DOCUMENTO DEL COMITATO NAZIONALE ANPI

Cenni sulla situazione internazionale

Viviamo in una fase di rapidissimi e spesso traumatici cambiamenti, che, in un orizzonte storico, vedono il progressivo declino dell’egemonia statunitense, la crescita tendenziale di altre potenze mondiali e regionali, come l’India, la Turchia, l’Arabia Saudita e, assieme, in questa fase politica, l’alleanza della Cina con la Federazione russa e il tentativo dell’attuale presidente Usa di incrinarla, creando un sia pur contraddittorio rapporto con la Russia di Putin. La recente assemblea dell’Organizzazione per Cooperazione di Shangai ha raccolto un composito fronte di Paesi, prevalentemente di quello che un tempo chiamavamo Terzo Mondo, ponendo le basi di un rafforzamento della pacifica cooperazione economica e commerciale con modalità e mezzi tali da mettere in discussione la supremazia statunitense.
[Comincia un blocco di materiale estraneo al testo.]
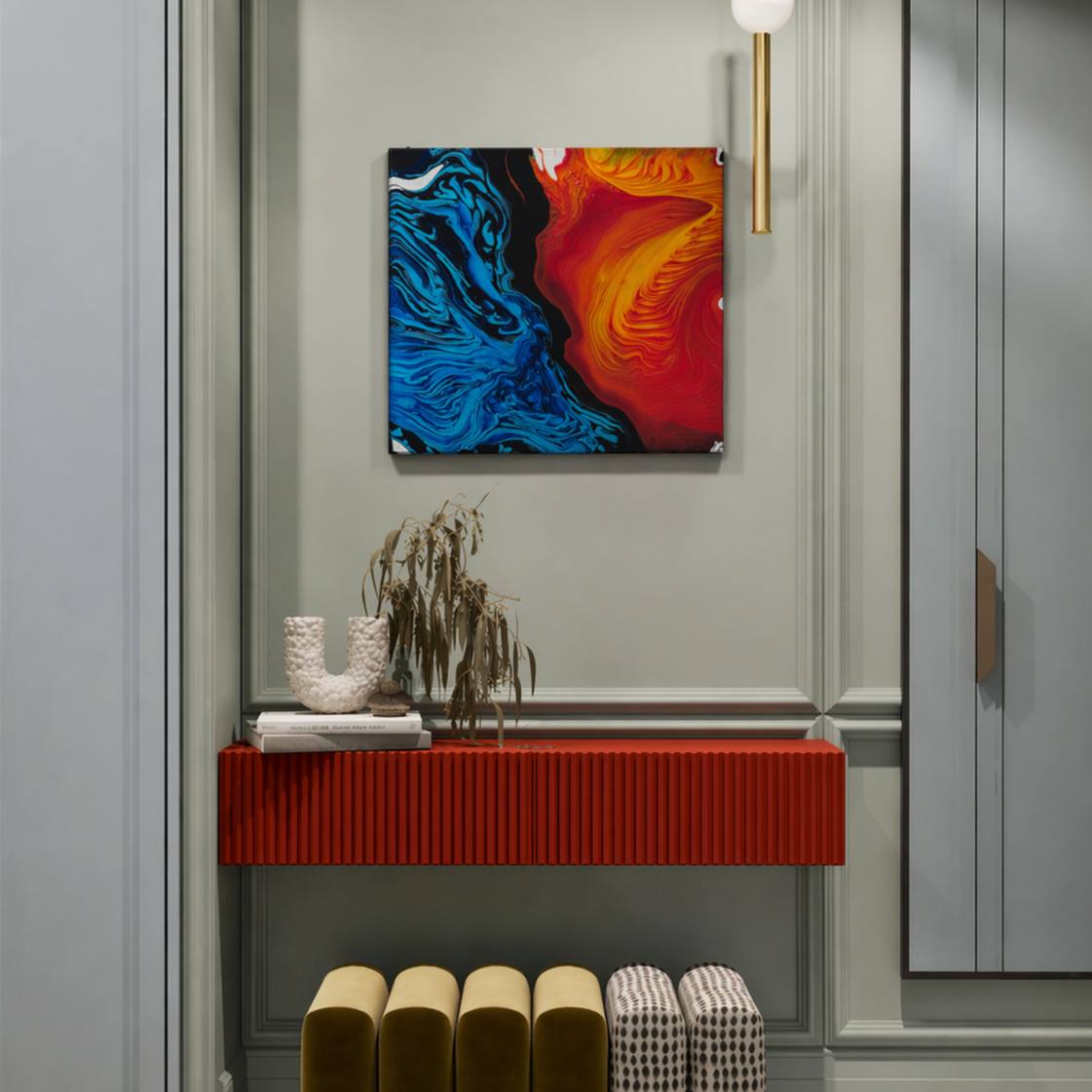 Abstract painting in red, yellow, and blue tones on canvas by Lily Glow Decor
L’Unione Europea, nelle torsioni politiche di tante decisioni dei suoi gruppi dirigenti, si sta da tempo dimostrando non all’altezza della sfida di questi cambiamenti, da un lato svolgendo un ruolo subalterno nei confronti della potenza americana, al punto fra l’altro di accettare un gigantesco trasferimento di risorse dal vecchio continente agli Stati Uniti in particolare nel settore degli armamenti e dell’energia, dall’altro caratterizzandosi per un bellicismo irrefrenabile e pericolosissimo.
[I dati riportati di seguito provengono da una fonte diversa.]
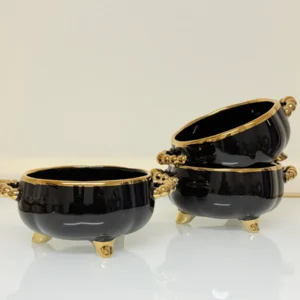 Luxury Ceramic Soup Bowl Set with Stand and Spoons - 15 Piece Serving Set (Black, Cream, Mocha, White)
In questo scenario, dalla Palestina all’Ucraina a decine di altri Paesi, la guerra ha di fatto sostituito la politica, e paradossalmente la politica è diventata la continuazione della guerra. E la guerra, quanto più si sviluppano le tecnologie belliche o dual use, tanto più colpisce i civili, come è già avvenuto durante la Prima ma specialmente durante la Seconda guerra mondiale, e come confermato oggi, per esempio, dall’uso dell’Intelligenza Artificiale e dei droni.

A più di tre anni dall’invasione dell’Ucraina, quando già avevamo segnalato un profondo rivolgimento mondiale che si presentava nella forma di una complessità da esplorare, ci troviamo davanti a un ulteriore e rapido cambiamento che mette in discussione le apparenti certezze conquistate con la sconfitta del nazifascismo dopo la Seconda guerra mondiale e nega l’universalità dei diritti umani.
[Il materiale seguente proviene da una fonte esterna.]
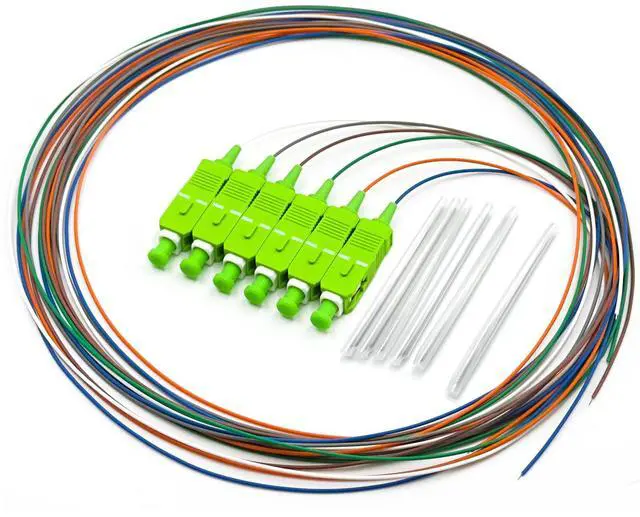 Main image of 1.5 Meter 6 Strand Single Mode SC APC Fiber Pigtail, 9/125um, OS1/OS2 Compatible, Includes 6 Fiber Optic Fusion Splice Protective Shrink Sleeves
La Palestina, l’Ucraina e l’impegno per la pace dell’ANPI

Lo straordinario successo della marcia Perugia Assisi per la pace e la fratellanza deve spronare tutti a un crescente impegno unitario per la pace e il disarmo, per fermare tutte le guerre in corso e ridare voce alla diplomazia. La cessazione di due anni di inauditi massacri a Gaza da parte delle forze armate israeliane è una eccezionale novità: a Gaza per ora è stato raggiunto un cessate il fuoco — sia pur interrotto ripetutamente — nonostante sia avvenuto in base a un accordo che sostanzialmente ha escluso i palestinesi.

Ma l’accordo è fragile e può trasformarsi in una tregua solo temporanea. Si è giunti al cessate il fuoco per l’isolamento internazionale di Israele che ha coinvolto anche gli Stati Uniti, grazie al movimento di protesta contro l’eccidio di Gaza in tutto il mondo, Italia compresa, per il ruolo di mediazione di numerosi Paesi arabi e islamici come la Turchia, il Qatar, l’Egitto e l’Indonesia, e il Vaticano, per il bombardamento israeliano del Qatar, alleato degli USA. È da segnalare inoltre il silenzio di Russia, Cina, Iran.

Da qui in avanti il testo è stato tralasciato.